Messenger over sound waves.

View the Project on GitHub frantonlin/Sonify

Transferring Bits with Sound

Video Explanation


Direct Link Here:

The Basic Idea

Our project goal is to transmit messages from one device to another using sound waves in the audible frequency range. Below, you can see a diagram of our system, which includes user input, conversion to binary, waveform encoding, and waveform decoding back into the original message (hopefully).

A Demo

Here is a demonstration of our software allowing a message to be transmitted from one device to another. The device on the right is encoding the message into the audible frequency and playing it through speakers, while the device on the left records the audio and analyzes it in the frequency domain to decode the message.


Encoding Data

In order to store data in a sound wave, we decided to create a simple two-tone wave where a first tone, 1500 Hz, represents a binary 0 and a second tone, 2000 Hz, represents a binary 1. This generated two-tone wave is then transmitted over the first device’s speakers.

Decoding Data

The decoding process begins with the second device streaming in audio and running a live fast fourier transform on the wave. This FFT allows us to analyze the wave in the frequency domain and see what frequency tones are most prevalent (typically either 1500 Hz or 2000 Hz).

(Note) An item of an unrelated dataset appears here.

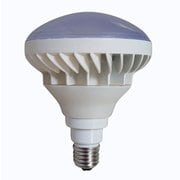 LDR18N200-TM [LED電球 屋外用レフ型 昼白色 200W相当 E26 IP65]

We use the information that we gather from the FFT to determine where there are sharp changes in frequency either from 1500 Hz to 2000 Hz or from 2000 Hz to 1500 Hz. When one of these two frquency change events occurs, we mark the current time and append it to an array.

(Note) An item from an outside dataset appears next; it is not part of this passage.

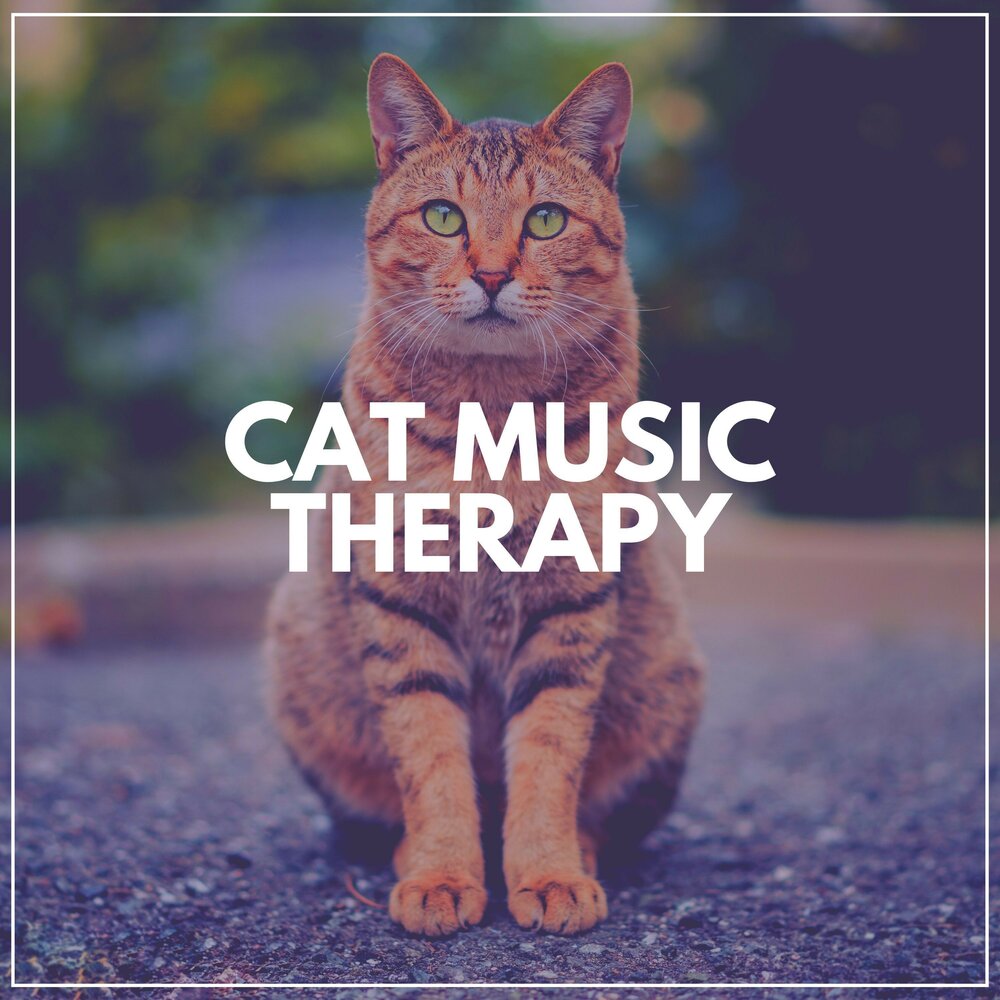 Music for cats. Кити ФАС Кэт. Cat Kitty Cat Cat. Cat Cat песня.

When can then use this array of saved times to calculate how long each series of 0s and 1s occurred for and decode the original binary sequence, which allows us to get back the original tramsitted message.

Accuracy Tradeoff

The image below is a representation of how we took the FFT across our audio signal. We chose the size of our FFT buffer to change the accuracy of frequency detection (larger FFT buffer decreases bin size) and the speed of FFT computation (smaller FFT buffer is faster). We had to optimize the buffer size to perform an FFT that computes accurately in the frequency domain and quickly in time.

Future Work

A more efficient implementation of this communication could use matched filtering or phase shift keying.

Matched Filtering

When receiving a signal with a known set of signal states, you can ignore noise that does not exist within one of these known states. The set of all known states of a signal is called the template. If an unknown signal is convolved with its conjugated time-reversed template, then the unknown signal will converge to the set of known signal states, effectively eliminating accumulated noise. The process of eliminating noise in this way is known as matched filtering. The image below depicts this process.

Image from Wikipedia

If we had implemented matched filtering in our project, then we would effectively be running a DFT with only two bins focused around 1500 Hz and 2000 Hz. This would significantly increase our frequency accuracy and computation speed, making this communication method more effective and accurate.

Phase Shift Keying (PSK)

Phase shift keying works similarly to what we implemented. However, only one frequency is used and the phase (rather than the frequency) of the wave specifies the bit. PSK is more efficient because it wastes less frequency space, as only one frequency is used. However, we would need to filter for the specific frequency before being able to determine phase. The image below depicts simple 180° phase shift keying.

Image from

Possibly some combination of matched filtering and phase shift keying would allow for a very robust and efficient system.